Published in final edited form as: Semin Pediatr Neurol. 2020 Mar 5;34:100803. doi: 10.1016/j.spen.2020.100803

Table 2.

Summary of recent and representative studies aiming to reduce the number of behavioral measures needed for ASD diagnosis through multivariate analysis. Reported sample sizes are the numbers used for classification and do not necessarily reflect the study’s total sample size.

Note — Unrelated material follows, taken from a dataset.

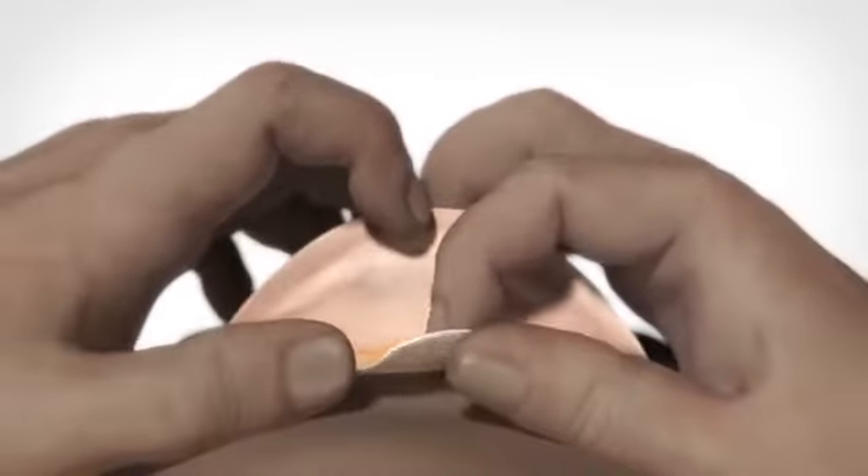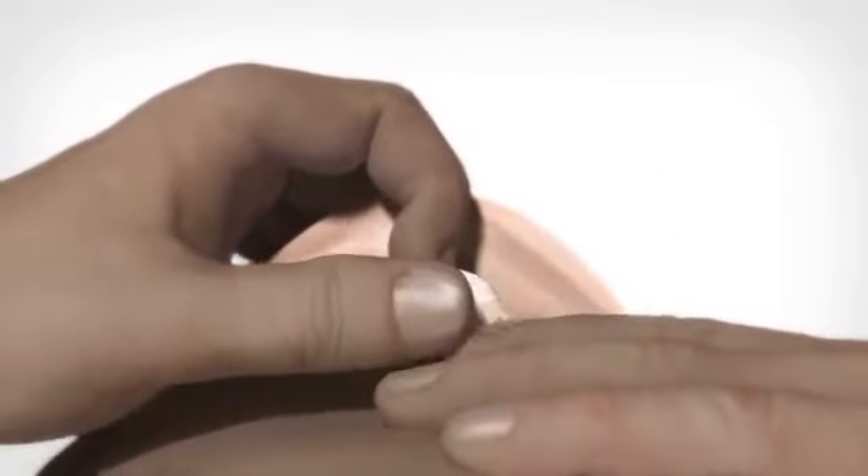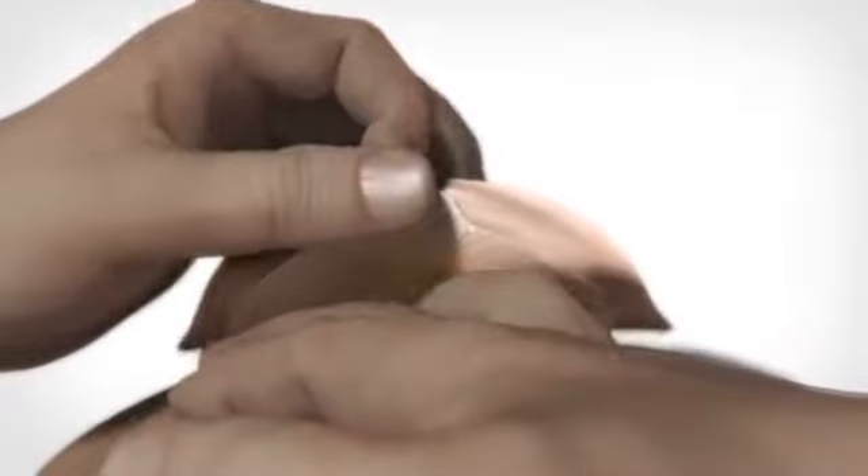To remove the bag, grasp the white tab on the adhesive and gently pull the bag away from the skin. Apply light pressure on the skin with your free hand as you peel the bag downwards.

Reference Study Participants Experimental Methods Key Features Multivariate Technique Key Results
Wall et al. (2012)176 891 ASD and 75 non-spectrum children for training; 1976 ASD and 1000 simulated controls for validation Used ADI-R data from three ASD data repositories 7 of 93 items from the ADI-R Alternating decision tree, chosen from 15 algorithms 99.9% training accuracy, with both 99.9% sensitivity and specificity when predicting the validation set
Wall et al. (2012)177 612 ASD and 15 non-spectrum children for training; 446 ASD and 1000 simulated controls for validation Used ADOS data from three ASD data repositories; pilot study for Duda et al. (2014)178 8 of 29 items from ADOS Module 1 Alternating decision tree, chosen from 16 algorithms 100% training accuracy, with 99.7% sensitivity and 94% specificity when predicting the validation set
Duda et al. (2014)178 2333 ASD and 283 non-spectrum children Used ADOS data from five ASD data repositories ADOS Module 1 feature set from Wall et al. (2012)177 Alternating decision tree Validated with 98% sensitivity and 77% specificity against the original ADOS
Wilson et al. (2014)179 58 male adults with ASD and 66 TD controls Administered three ASD evaluations and nine neuropsychological tests/tasks Ten variables from performed tasks, plus verbal IQ and performance IQ SVM Achieved 81% accuracy, 78% sensitivity, and 85% specificity with leave-two-out cross-validation
Kosmicki et al. (2015)180 362 (510) ASD and 282 (93) non-spectrum individuals for training; 1089 (1924) ASD and 66 (214) non-spectrum for validation Used data from five ASD data repositories; evaluated score sheets separately for ADOS Module 2 and Module 3 9 of 28 behaviors from Module 2 and 12 of 28 behaviors from Module 3 Logistic regression (Module 2); radial kernel SVM (Module 3) 99% sensitivity and 89% specificity for Module 2 validation; 98% sensitivity and 97% specificity for Module 3 validation
Bone et al. (2016)181 1264 verbal individuals with ASD and 462 verbal individuals without ASD ADI-R and Social Responsiveness Scale items taken from a data repository Five behavioral codes total from the two assessments SVM Classified individuals below (above) age 10 with 89% (87%) sensitivity and 59% (53%) specificity
Cohen et al. (2016)182 535 children with ASD and 125 children without ASD PDD Behavior Inventory forms collected from five sites Six domain scores of PDD Behavior Inventory, parent-reported CART 82%/83%/86% sensitivity and 88%/87%/93% specificity for training/testing/validation
Levy et al. (2017)183 1319 (2870) ASD and 70 (273) non-ASD children ADOS Module 2 and Module 3 score sheets from four ASD data repositories Nine items from Module 2 and nine from Module 3 Logistic regression; SVM Classified with 89%/95% sensitivity and 90%/87% specificity for Module 2/3
Feczko et al. (2018)184 47 children with ASD and 58 TD children Had children perform seven tasks related to information processing 34 behavioral variables related to performed tasks Random forest Achieved 73% classification accuracy, 63% sensitivity, and 81% specificity

Numbers outside (inside) parentheses indicate sample sizes for analyzing ADOS Module 2 (Module 3).